カノンという少女の言葉を聞いて、チャコは大きく目を見開き、固まった。
「あのね、妖精さん。私ね、少し前は違うとこにいたんだよ。それでね、ほんのちょっと過ごして、そしてすぐ次のとこ行ってたの。だけどね、今回は長くいるんだよ。それでね、お母さんがね、笑っているんだよ。」
嬉しそうな顔してカノンはお母さんのことを話す。お母さんのことが大好きなんだなぁとチャコは思った。チャコの母もよく笑う人だった。いつも笑顔で、周りの人も笑顔にしてしまうほど明るいお母さんだった。
「でもね、今はとても元気ないの。大事な人がいなくなっちゃったって。きっとね、お母さんと一緒にお仕事してた人。もう帰ってこないんだって言ってたの。」
あぁ、見たことあると思ったら、一か月くらい前からお母さんが話してた親子だ。機織舎で母親の後ろにずっとくっついていた子だ。そんなこと考えている間もカノンの話は続く。
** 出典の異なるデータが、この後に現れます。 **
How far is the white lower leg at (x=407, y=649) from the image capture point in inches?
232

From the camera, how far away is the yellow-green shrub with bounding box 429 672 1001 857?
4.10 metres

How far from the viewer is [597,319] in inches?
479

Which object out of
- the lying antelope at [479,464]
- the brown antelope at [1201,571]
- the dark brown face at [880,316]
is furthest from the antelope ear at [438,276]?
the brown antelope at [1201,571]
「だからね、私がお母さんを元気にしてあげるの。でもね、どうしたらいいのかわからないの。」
お母さんを元気にしてあげたいか…。チャコは最近忙しくしている兄テンテンのことを思った。お兄ちゃんの笑顔、最近見てないな。
「うん、いいよ。私もお兄ちゃんを喜ばせたい。」
チャコは言い、でも…と続けた。
「でも、その前に、私、妖精じゃないから!チャコだから!」
その後、カノンに自分が人間であることを伝えるのが大変だった。しばらく妖精のチャコという認識だったのだから。
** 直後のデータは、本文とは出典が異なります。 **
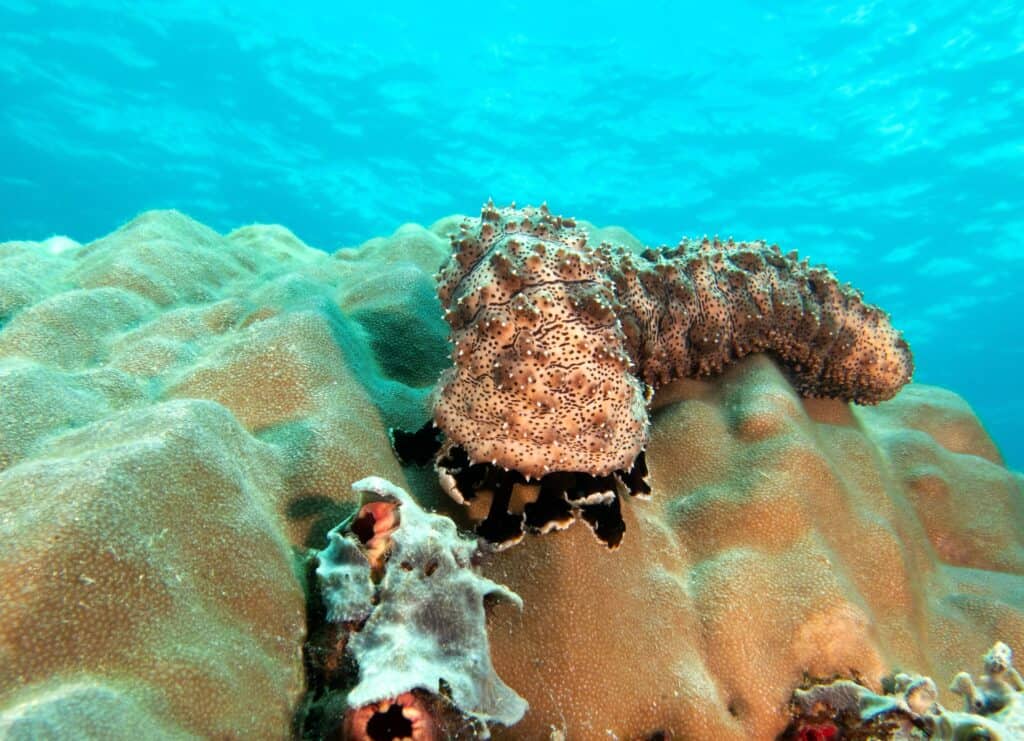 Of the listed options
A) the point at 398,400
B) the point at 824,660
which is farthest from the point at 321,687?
the point at 824,660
そして、2人で村のあちこちを回ってお花を摘んでそれぞれプレゼントにした。カノンはお母さんにチャコはお兄ちゃんに。
それ以外にもたった1人の肉親を喜ばせようと2人で相談してはプレゼントしていた。そのためもあって、水車小屋で出会ったその日から2人は親友になった。
「ただいまー!」
今年も両親の命日に合わせてあの花を摘んできた。
「おかえり。今年も綺麗に咲いたね。」
チャコの手にはカゴいっぱいに詰まったスイートピーがあった。
8年前、チャコがスイートピーを持って家に行くと、兄テンテンは驚き、だけど笑ってチャコを抱きしめた。そして、テンテンは優しい笑顔でこう言った。
「チャコ、スイートピーの花言葉知ってるかい?」
チャコは首を横に振る。
「スイートピーの花言葉はね、小さな喜び、優しい思い出なんだよ。チャコ、ありがとう。」
あの時、テンテンも両親を失った痛みにひとりで耐えていたんだと今ならわかる。
今年もみんなとの優しい思い出を胸に、たくさんの小さな喜びを積み重ねて生きていこうとチャコは想う。